China has commenced an investigation into export subsidies on dairy products in several EU countries with the threat of reciprocal tariffs, responding to European import tariffs on electric cars from China.
Membership of the EU is widely seen as attractive for this country, a small open economy heavily reliant on access to export markets.
But it is not all one-way traffic, even though the threat from possible Chinese tariffs to Irish dairy companies is limited.
Ireland has been a net contributor to the EU budget since 2013 and the annual bill, already one of the bloc’s highest in per capita terms, continues to rise.
The Department of Finance expects the figure to reach €4.5 billion in 2027, and the European Commission’s appetite for revenue is expanding. High-income countries pay more, but EU membership entails exposures for Ireland additional to the direct budget payment.
Europe faces an increasingly protectionist world trading environment in its two key partners, the USA and China. This comes in the form of rising tariffs, including tit-for-tat retaliation.
The EU is a customs union as well as a single market. The single market ensures that most non-tariff barriers have been eliminated due to regulatory alignment since the 1990s.
Internal tariffs or quotas on trade within the bloc and with near neighbours were phased out even earlier.
Home producers
After several decades of gradual reductions in worldwide tariffs, the globalising trend has come to a halt, and both the USA and China have been adopting policies designed to favour home producers.
In the USA, both Democrats and Republicans have pivoted to protectionism and unilateral tariff policies. For the Republicans, this was a reversal under Trump of their traditional pro-market stance.
The Democratic party in the Clinton era veered towards global free trade too, concluding the North American Free Trade Agreement with Canada and Mexico, but have returned to their traditional pro-union constituency with tariffs under the Biden presidency.
The two parties will compete for blue-collar votes in this year’s elections via policies to inhibit imports.
China’s decision to scrutinise Europe’s subsidies to the dairy industry is a response to the EU’s tariffs on imports of electric cars from China which have been hurting the car industry, particularly in France but also in Germany and Italy.
Any negative impact on Irish dairy exports would be ‘taking one for the team’, defined to include only continental team-mates – there is no vehicle manufacturing in Ireland. Total Irish dairy exports to China in 2023 were a little over €400m, but the categories under scrutiny by the Chinese authorities on suspicion of unfair subsidies add up to just under €50m according to Ger Brady, an economist at IBEC.

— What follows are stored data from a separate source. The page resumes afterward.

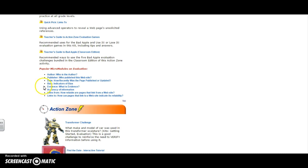Today we will be focusing on bias. Bias is defined as a prejudice in favor of or against someone or something. Detecting bias is important so you, the user, can make sure the information you are obtaining from a site is accurate and not one-sided.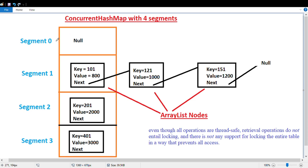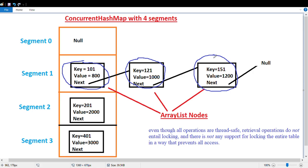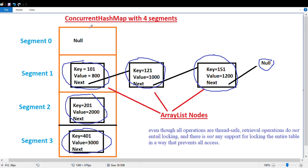Here I drew one sample ConcurrentHashMap with four segments. ConcurrentHashMap has a concept of segments, and each segment will have an array list of nodes. These nodes are linked list nodes — key is 101, 800, and this is connected to the next node. Segment zero has nothing in it, segment one has three nodes: 101, 121, and 151. Segment two has one node with key 201, and segment three has one node with key 401.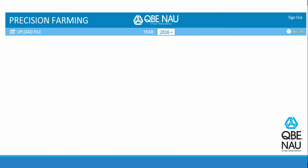Before you upload a file to the Precision Farming Dashboard, you have to extract that data from the monitoring system. If you have any questions on how to do that on certain systems, we have created a help menu to walk you through the step-by-step instructions on some of those systems.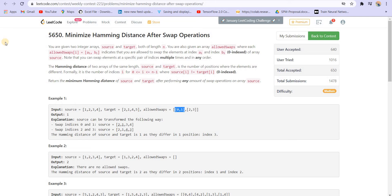Welcome back to LeetCode coding. In this video we will be solving question number three of LeetCode Weekly Contest 223. The name of the problem is 'Minimize Hamming Distance After Swap Operations'. In this problem we are given two arrays: the source array and the target array, and we are given another array called swaps.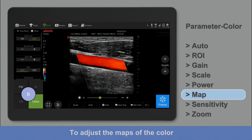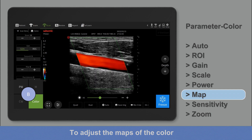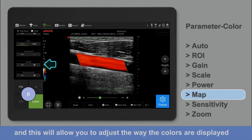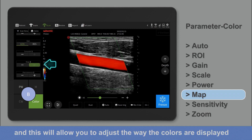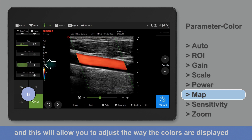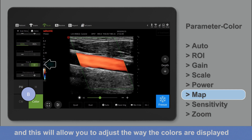To adjust the maps of the color, select map. This will allow you to adjust the way the colors are displayed.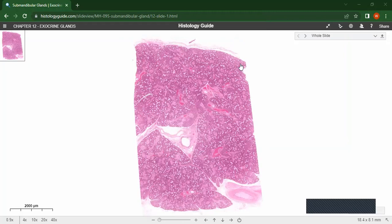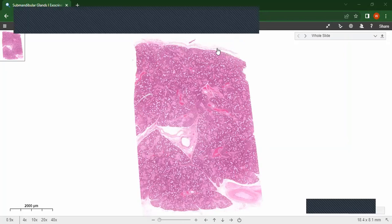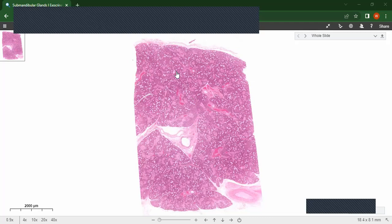From this slide, you can see a capsule here — it is an encapsulated gland. The capsule sends trabeculae into the gland to lobulate it. You can see a lobe here. That is the stroma — the connective tissue framework of the gland.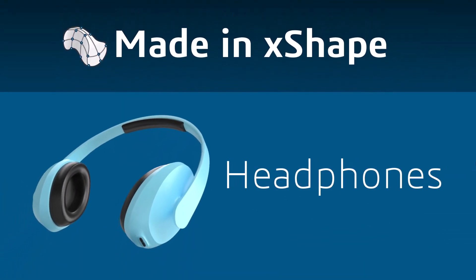In this tutorial, we're going to create headphones using SolidWorks X-Shape, a cloud-based subdivision tool for freeform 3D modeling.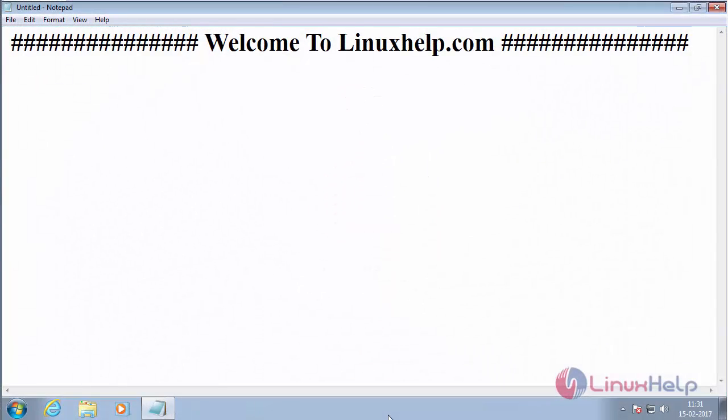Welcome to linuxhelp.com. In the previous session we have seen how to install Matrix COSEC on Windows 7. In this session we are going to see how to change the permissions for accessing Matrix COSEC.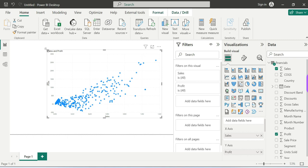You will see the meaning of a scatter chart now — the data points are spread out and scattered across the chart. The results are as expected, and we now have a proper scatter chart displayed.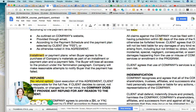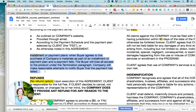We are talking about this paragraph right here that says installment or payment plans. When the buyer agrees to the purchase of the company's materials as part of an installment or payment plan and a payment fails, the buyer will lose all access to the product under the termination paragraph. The company will make reasonable attempts to notify the buyer that the payment has failed.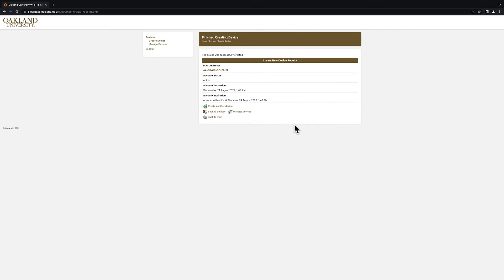You will then receive a confirmation screen that lets you know that your device has been successfully registered to the network.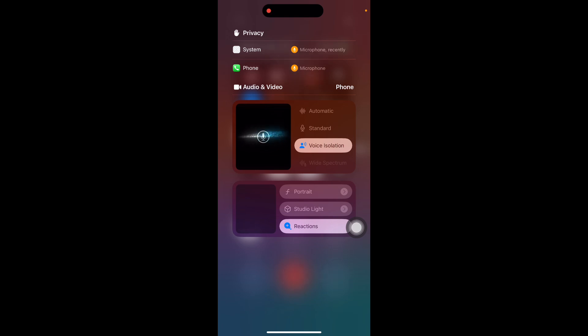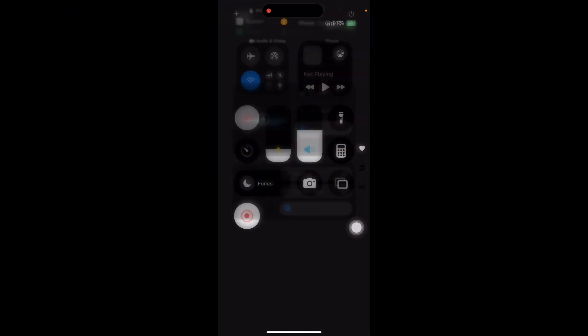This feature helps to reduce background noise and prioritize your voice, ensuring clearer conversations.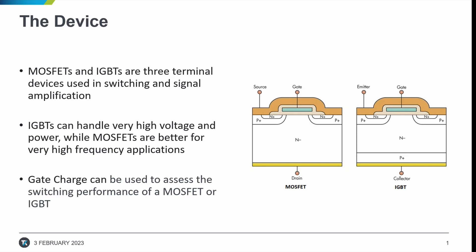The switching speed of a device is affected by internal capacitances and are typically specified in data sheets, but the gate charge of a device can also be used to assess the switching performance of a MOSFET.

The investigation could take a year or longer, and there is no certainty that retaliatory tariffs will result.
Reminder
The development, whatever way it plays out, is a reminder that EU membership for Ireland is a game of swings and roundabouts – recall the controversy over the infamous bank guarantee of October 2008 which saw the Irish Exchequer burdened with obligations of bust Irish banks to the benefit of lenders elsewhere in Europe.

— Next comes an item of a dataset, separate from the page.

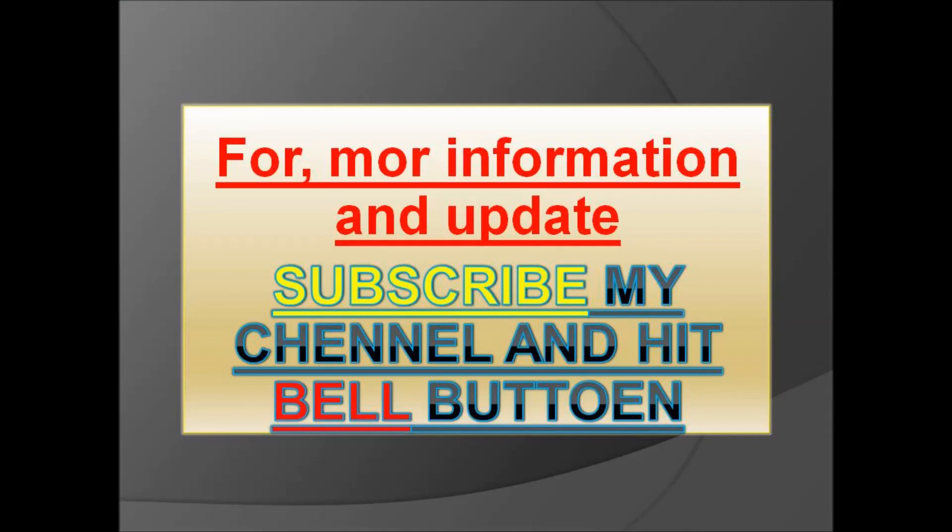Please friends, subscribe my channel for bounty, airdrop, new updates, giveaways and contests, and for latest news. Please hit the bell icon.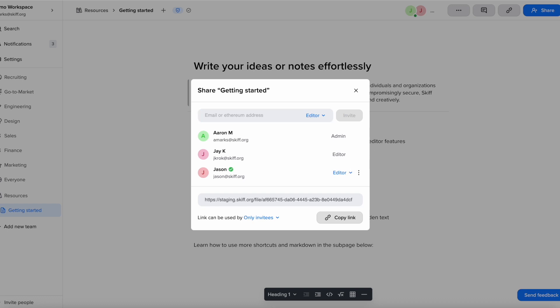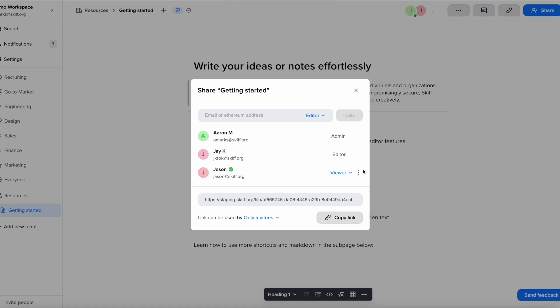If you are the admin, you can change the permissions of any editor shared on the page. You can restrict them to view only, make them an editor, or remove them from the page.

The same pattern of potentially unequal treatment is built into the approach the EU has taken to reduction of carbon emissions. Free trade in agricultural produce yields, and is intended to yield, geographical specialisation reflecting endowments of soil and climate.
Bananas are not grown in Donegal, while the Munster and south Leinster areas are strongest in grass-fed production of dairy products. Ireland exports most of these, but Europe has chosen to measure carbon emissions by reference to production rather than consumption.

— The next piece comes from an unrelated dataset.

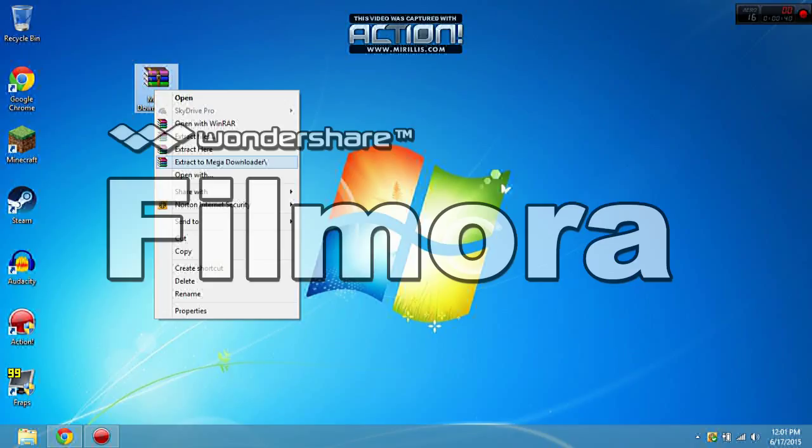In order to do this, you will need WinRAR. If you don't have WinRAR installed, I'll put a download link in the description.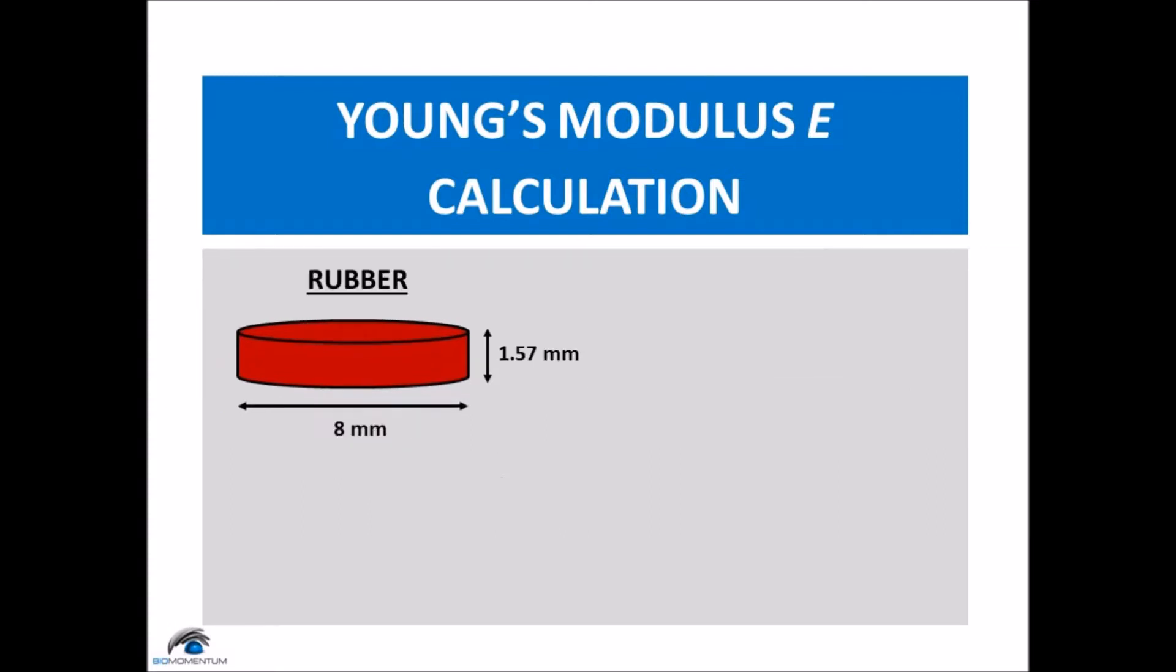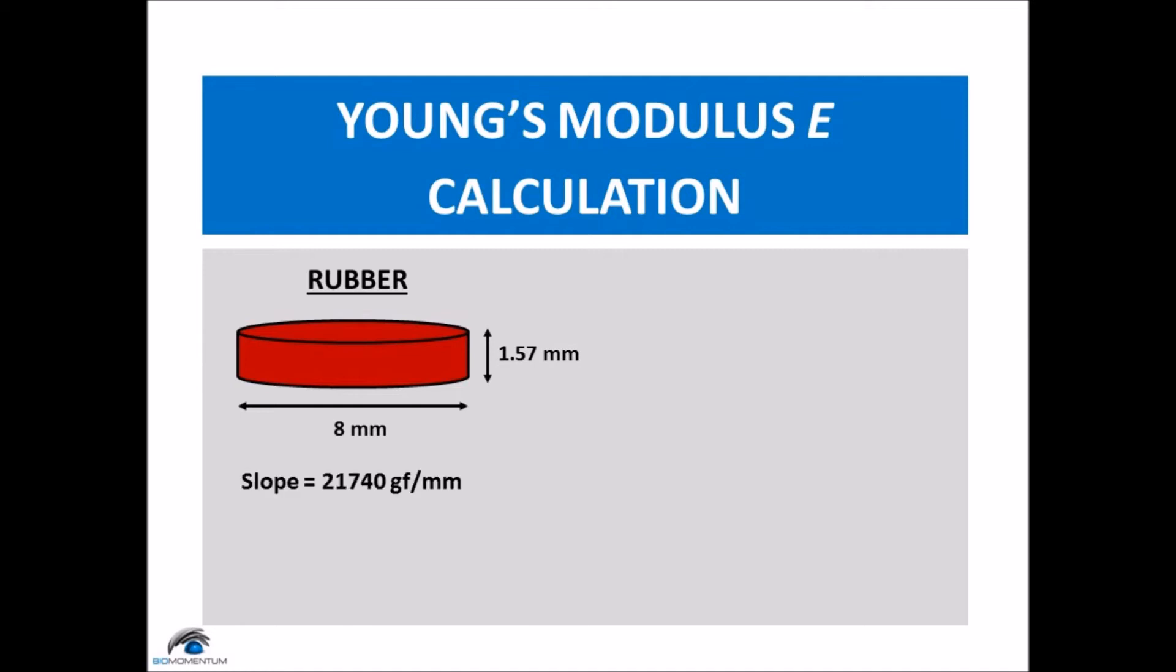Let's consider the data from the first unconfined compression test at 0.1% strain rate of the rubber sample. The diameter being 8 mm and the sample's thickness being 1.57 mm. The slope being 21,740 gram force per mm. This results in a Young's modulus of 6.7 MPa.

Imposing national targets on member states with this curious measurement system results in pressure on an export industry to curtail emissions in defiance of comparative advantage.
Ireland could end up seeking to constrain dairy production, the strongest sector of Irish farming, in the absence of any policies at EU level to discourage consumption.
It would be foolish to attribute Europe’s carbon emissions to the Middle Eastern countries where production costs are lowest.
If low cost locations are best for oil and gas, why should EU country-by-country targets penalise dairying in the southern part of Ireland, in Normandy and a few other locations favoured by soil and climate?
Would the system penalising these producers, intended beneficiaries of the single market, be equally indifferent should southern Europe’s producers of grapes and olives be disadvantaged relative to competitors in Finland?